組織拡大・機構改革など柱に/JAM新運動方針

(調査・解析部)

[労使]

機械金属中小を多く組織化するJAM(小出幸男会長)は8月29日から3日間、静岡・熱海市で定期大会を開き、組織拡大や組織機構改革などを柱とする向こう2年間の運動方針を決めた。組織人員は、1999年結成時の約47万人から、5年間で10万人弱減らして約37万人(2004年10月現在)となっており、組織拡大が最大の課題だ。そのため、地域でのオルグ活動強化を狙い、人材・資源の配分を地域に振り向ける組織機構改革案「新しいJAMのあり方に関する基本構想」を提起。再来年の大会まで2年間、具体的な中身について論議することとした。役員選挙では、小出会長、大山勝也書記長が再任された。
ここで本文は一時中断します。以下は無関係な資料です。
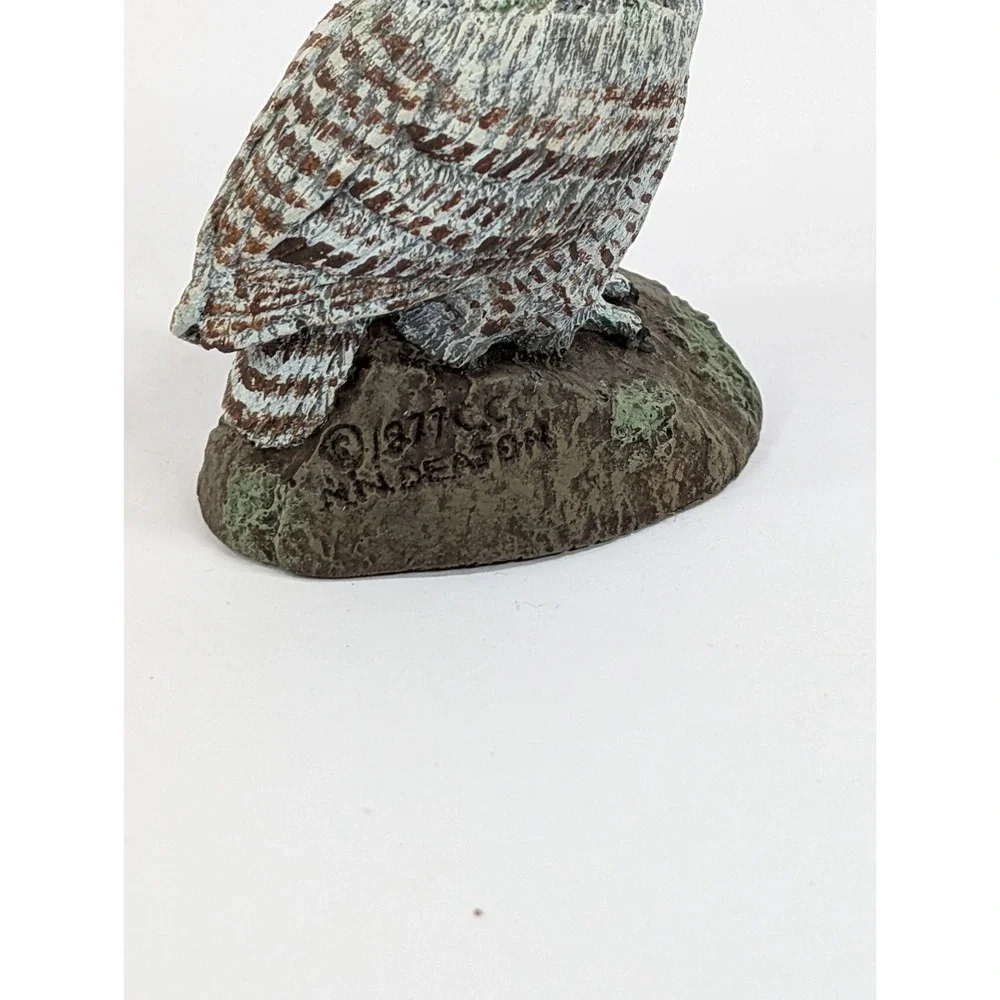 VINTAGE‎ 1970's NEAL DEATON OWL FIGURINE THE BRONZE MENAGERIE
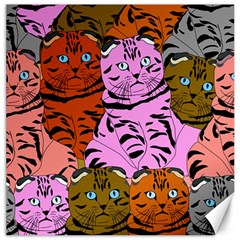 Tileable Seamless Cat Kitty Canvas 12  X 12  by artworkshop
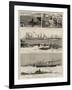 Opening of the New Holyhead Harbour by the Prince of Wales-null-Framed Giclee Print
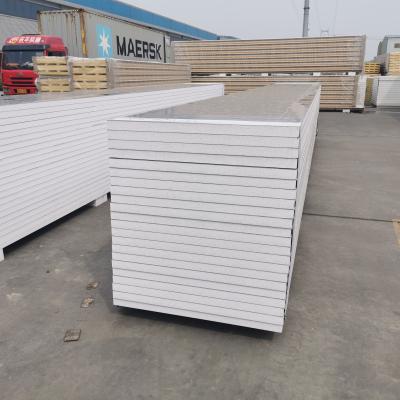 China 950/1150/980mm Exterior Steel Building Material Wall Cladding EPS Insulation Sandwich Panel for sale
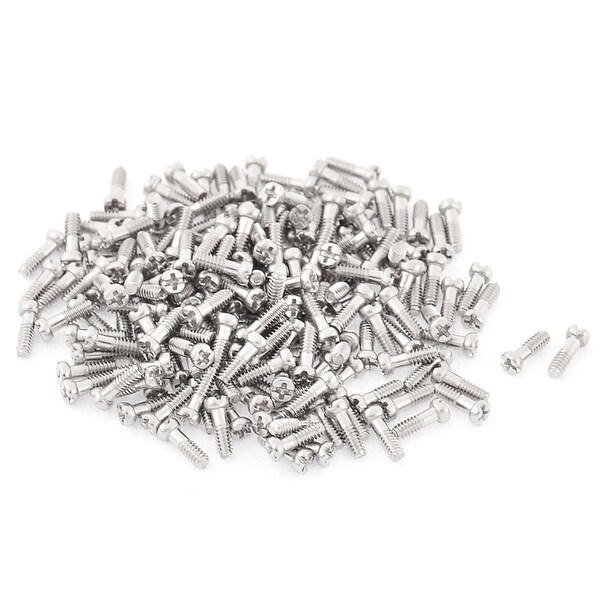 Glasses Clock Metal Repair Screws Tool Kit Silver Tone 1.6 x 4mm 100pcs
あいさつの中で小出会長は、組織拡大について、「組織化経験者が少ないのが現状。地域で実践的な(オルグ)教育を強化する」として、組織化を進める人材の育成に力を入れることを強調しながら、具体的な組織化の方法として、「(地域での組織拡大に加えて)企業の連結経営が強化される中、関連会社を把握することは労組としても重要。関連会社の組織化を進める」との考えを示した。組織拡大に向けた機構改革に関しては、「中小労組をきめ細かに面倒見るのがJAMの最大の特徴。この原点に帰って(地方組織のあり方を)再構築したい」と説明した。

運動方針の最重要課題である組織拡大の具体的な中身は、 (1) オルガナイザー養成による地域での組織化強化 (2) 業種別のつながりを通じたオブ加盟・未組織の組織化 (3) 企業グループ・関連会社の組織化 (4) 相談活動などを通じた個人加盟方式による組織化――など。総がかりによるオルグ体制をつくるための人材育成を進めながら、身近なところの未組織・中立組合の組織化を図ることで、組織拡大の実を上げる考えだ。

この組織拡大を人材・財政の面から裏付けるために、「新しいJAMのあり方に関する基本構想」を提起した。基本構想は、地方組織について、従来の31から17に大括りに再編して効率化を図るとともに、その分の人材・財政を地域協議会(地協)に振り向ける機構改革が骨格。ヒト・カネを地域に重点再配分することで、地域活動を活性化し、地域・中小労組への対応の充実と組織拡大の強化をめざす。組織人員の大幅な減少などを背景とする組織の弱体化を止め、再活性化を図るためには、抜本的な組織改革が必要不可欠だとの判断だ。具体的な新地方組織のあり方・活動の中身については、本部三役会の下に設置する「本部作業委員会」で基本構想を固めるとともに、「新地方JAM準備委員会」を設けて議論することとしている。手続きスケジュールとしては、来年の大会で構想を具体化した「新しいJAMのあり方」を決め、細部を詰めながら、再来年の大会後に新地方組織を発足する考えだ。

論議では、組織機構改革について、「大括りでは地域・中小に対する日常活動が滞るのではないか」(岐阜)、「きちんと組織のあり方を明確にすることが先決だ。単なる職員の再配置では絵に描いたモチになる」(大阪)などの意見がでた。